Trial On CSC Handling Of Aftermath Of 2016 Sexual Assault Continues


      The federal trial in Omaha on a lawsuit accusing Chadron State College and the Nebraska State College System of failing to adequately respond when a female student was sexually assaulted by a male student in September 2016 began its second week Mon.

      Criminal charges were not filed against the man, but a CSC investigation showed the two did have non-consensual sex and the man continued even when the woman, referred to in the suit and during the trial as Jane Doe, said no multiple times. 

      The lawsuit focuses on what happened in the weeks after the incident and whether moves made by the college met the requirements of the Title IX civil rights law for “immediate action” to deal with and prevent sexual harassment and abuse.

    Nebraska Public Media says former CSC Director of Students Affairs Pat Beu continued the testimony Mon that he began on Friday on some of the actions taken against the male student and to protect Jane Doe, including moving her student job to another residence hall.

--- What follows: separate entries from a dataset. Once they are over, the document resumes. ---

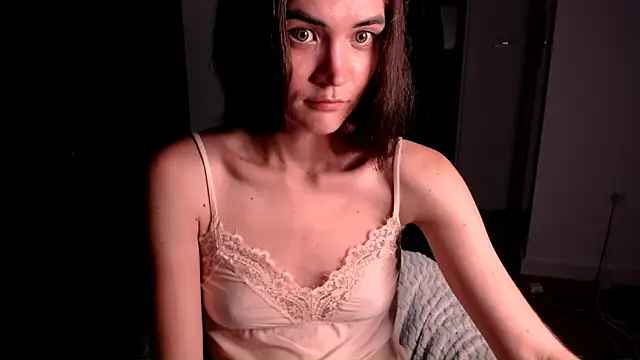 EvelynGG online show from September 13, 2025, 3:17 am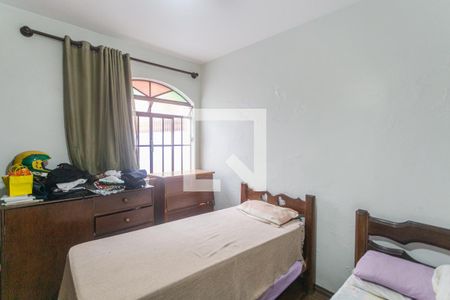 Quarto 2 de casa à venda com 3 quartos, 400m² em Cachoeirinha, Belo Horizonte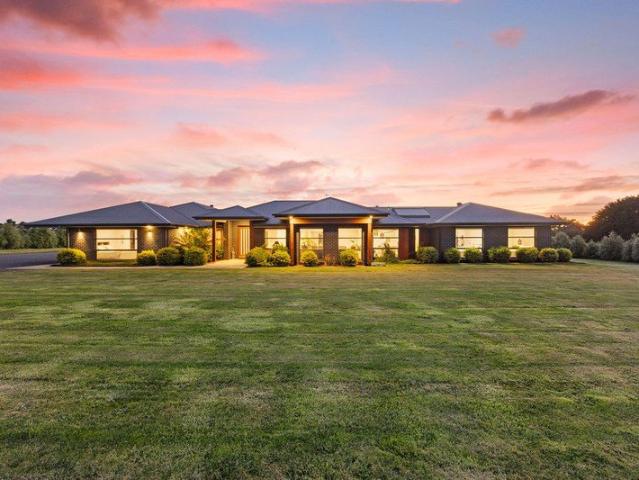 Stunning Five Bedroom Home on 25 Acres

     Doe had been attacked working the desk at Andrews Hall, but rather than leaving her there and moving the man, she was moved to the desk at Brooks Hall and the man was allowed to stay in his old room in Andrews.

      Beu explained both days that the change was made to give Doe more control over her own safety since Brooks has one entrance and Andrews is part of a 3 dorm complex with multiple entrances and where the desk can’t monitor internal movement.

     Doe’s attorney, Maren Chaloupka of Scottsbluff, said Doe had expected her attacker to be banned from Andrews and that allowing him to stay where he was and instead moving her seemed like punishing Doe, who lost a familiar workplace and coworkers.

    Beu said he understood Doe’s frustration and anger over the moves, admitting that the college had done a poor job of communicating to her what was being done and why.

    Beu also described how the male student had failed to take a required online class on consent when he first enrolled and was ordered to take it as part of his sanctions after the attack. 

     He scored 90% on the pre-assessment test and 100% after the class, leading Beu to admit it showed that the man didn’t need the class to understand no meant no.  

Chaloupka and her first expert witness criticized the college’s sanctions on the male student, saying that instead of helping protect Doe the school focused on helping him learn and grow.